Québec : un rapport sur la gouvernance des universités fortement contesté

Les recommandations d’un rapport ayant prétendument pour objet d’améliorer la gouvernance des universités du Québec produiraient en fait le résultat contraire, met en garde l’ACPPU.

Le rapport de septembre 2007 d’un groupe de travail mandaté par l’Institut sur la gouvernance d’organisations privées et publiques est à la fois « inconsistant et décevant », a déclaré le directeur général de l’ACPPU, James Turk. « Il propose un modèle tout à fait contraire à la tradition de saine gouvernance pratiquée dans les universités. »

Cette tradition est celle que la grande majorité des universités canadiennes ont adoptée depuis que la Commission royale Flavelle créée en 1906 a recommandé l’établissement d’une nouvelle structure bicamérale de gouvernance collégiale où un conseil d’administration et un sénat travaillent conjointement pour servir au mieux les intérêts de la communauté universitaire.

Au lieu de cela, le rapport sans titre de 19 pages fait pratiquement abstraction des fonctions du sénat et recommande de concentrer le pouvoir entre les mains de membres « indépendants » du conseil qui n’ont pas de liens avec l’université.

La Fédération québécoise des professeures et professeurs d’université (FQPPU) se dit elle aussi préoccupée par l’orientation du rapport et elle juge même « stupéfiants » certains aspects du document.

Les douze recommandations formulées dans le rapport portent sur des questions aussi diversifiées et disparates que l’importance des liens entre la mission et la gouvernance jusqu’aux moyens de constituer un conseil d’admini­stration efficace et efficient.

Les dix membres du groupe de travail présidé par le professeur Jean-Marie Toulouse de HEC Montréal estiment que le conseil doit être composé d’au plus 15 membres, dont la majorité d’entre eux (soit environ 66 %), y compris le président, devraient être des membres « indépendants » ou externes qui ne sont pas apparentés à la communauté universitaire.

Le groupe de travail précise également que la présence de membres observateurs, même ceux sans droit de parole, « n’est pas conforme à une saine gouvernance » et que ces personnes devraient se retirer au moment de prendre des décisions.
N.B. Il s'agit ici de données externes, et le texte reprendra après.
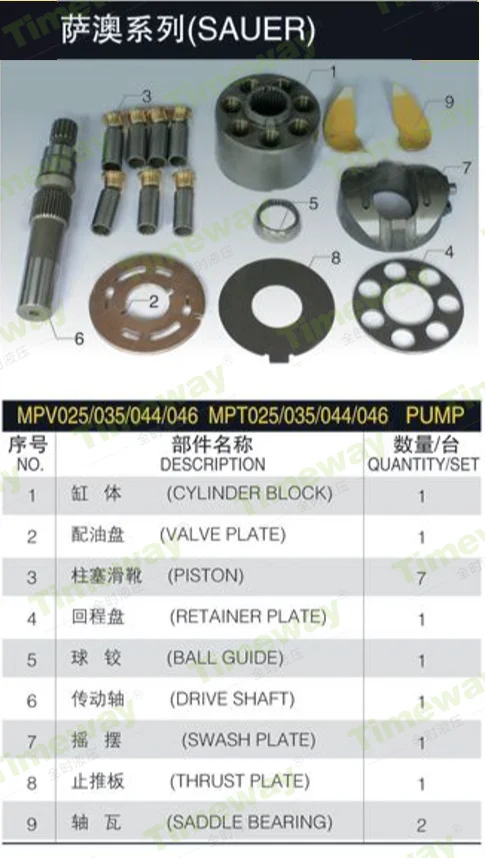 MPT MPV Hydraulikpumpe Reparatursätze MPT035 MPV035 Zylinderblock für MPT035D MPV035D SAUER Kolbenpumpe Ersatzteile Pumpfässer – Detail 4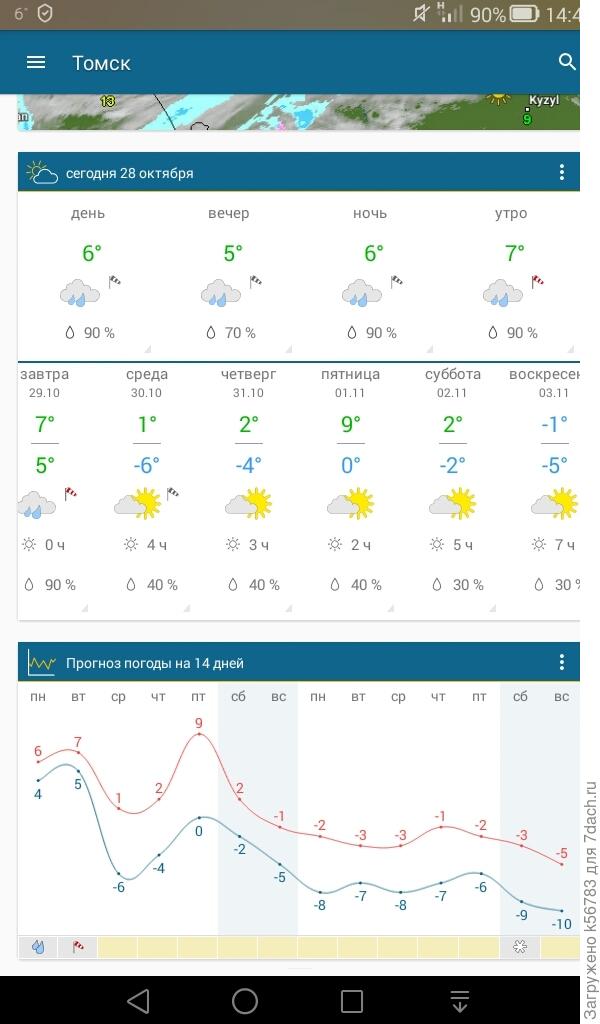 Прогноз погоды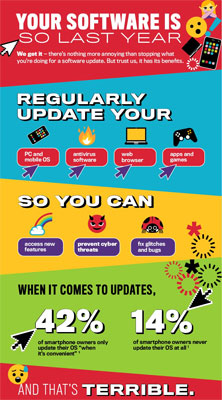 “Update your software!?” infographic -- click to learn more.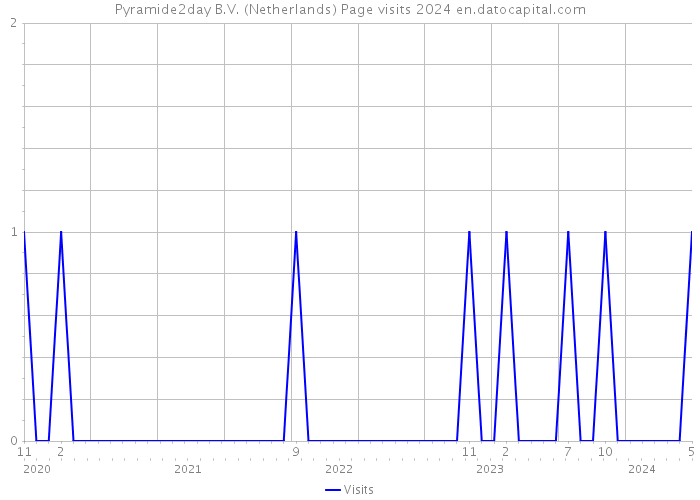 Pyramide2day B.V. (Netherlands) Page visits 2024 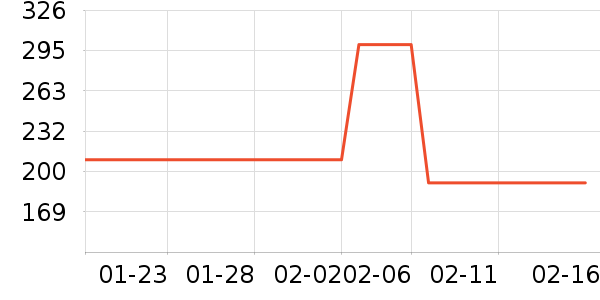 ��Զ������е��ʷ�۸�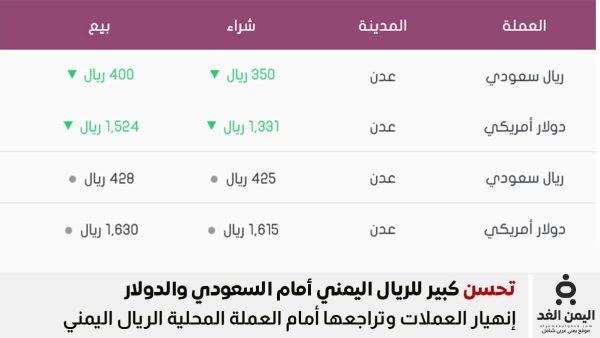 تحديث الآن أخر أسعار الصرف في عدن 31 اغسطس 2025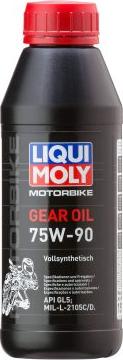 Liqui Moly 1516 - Transmission Oil www.parts5.com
Le groupe préconise d’autre part la création de trois comités « statutaires » — vérification, gouvernance et éthique, et ressources humaines — investis d’énormes pouvoirs et composés uniquement de membres « indépendants ».

« Il recommande de placer l’uni­versité sous l’autorité d’un conseil siégeant pour ainsi dire à huis clos, sans la présence d’aucun observateur, et de laisser le contrôle exclusivement dans les mains de membres externes », note M. Turk. « Les trois comités, qui sont appelés à prendre de nombreuses décisions importantes, devraient être eux aussi composés de membres externes — c’est-à-dire des personnes qui ne font pas partie de la communauté universitaire. »

Un tel système minerait une forte tradition de fonctionnement de l’université comme une communauté dont les membres participent à leur propre gouvernance, ajoute- t-il.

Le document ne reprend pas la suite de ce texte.